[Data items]
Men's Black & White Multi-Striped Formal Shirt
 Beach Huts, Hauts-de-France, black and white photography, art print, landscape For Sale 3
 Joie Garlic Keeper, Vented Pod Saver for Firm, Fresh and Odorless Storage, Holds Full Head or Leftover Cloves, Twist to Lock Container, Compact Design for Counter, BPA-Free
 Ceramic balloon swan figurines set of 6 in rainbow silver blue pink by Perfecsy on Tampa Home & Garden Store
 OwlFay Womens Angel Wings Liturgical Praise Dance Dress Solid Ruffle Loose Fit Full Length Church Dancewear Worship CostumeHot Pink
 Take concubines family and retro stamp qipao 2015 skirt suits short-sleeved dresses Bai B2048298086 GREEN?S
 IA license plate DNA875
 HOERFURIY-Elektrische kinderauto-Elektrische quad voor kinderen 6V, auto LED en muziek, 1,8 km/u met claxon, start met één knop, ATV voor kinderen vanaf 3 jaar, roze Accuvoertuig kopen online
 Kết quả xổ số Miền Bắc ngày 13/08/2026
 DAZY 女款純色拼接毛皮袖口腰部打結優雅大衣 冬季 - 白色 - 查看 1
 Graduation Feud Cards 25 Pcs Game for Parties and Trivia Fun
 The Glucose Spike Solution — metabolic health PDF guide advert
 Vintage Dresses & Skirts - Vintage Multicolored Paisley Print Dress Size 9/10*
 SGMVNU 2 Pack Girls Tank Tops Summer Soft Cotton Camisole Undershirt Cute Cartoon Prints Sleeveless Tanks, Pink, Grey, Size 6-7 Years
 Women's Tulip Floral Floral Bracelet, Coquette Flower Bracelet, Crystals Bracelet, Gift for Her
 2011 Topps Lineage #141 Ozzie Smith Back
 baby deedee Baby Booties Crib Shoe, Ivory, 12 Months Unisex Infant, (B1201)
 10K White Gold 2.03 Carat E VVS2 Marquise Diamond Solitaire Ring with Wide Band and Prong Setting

*REQUIRED ACTION:* Every line above that includes the string "Size" needs to be copied.

*EXERCISE SOLUTION:*
 Vintage Dresses & Skirts - Vintage Multicolored Paisley Print Dress Size 9/10*
 SGMVNU 2 Pack Girls Tank Tops Summer Soft Cotton Camisole Undershirt Cute Cartoon Prints Sleeveless Tanks, Pink, Grey, Size 6-7 Years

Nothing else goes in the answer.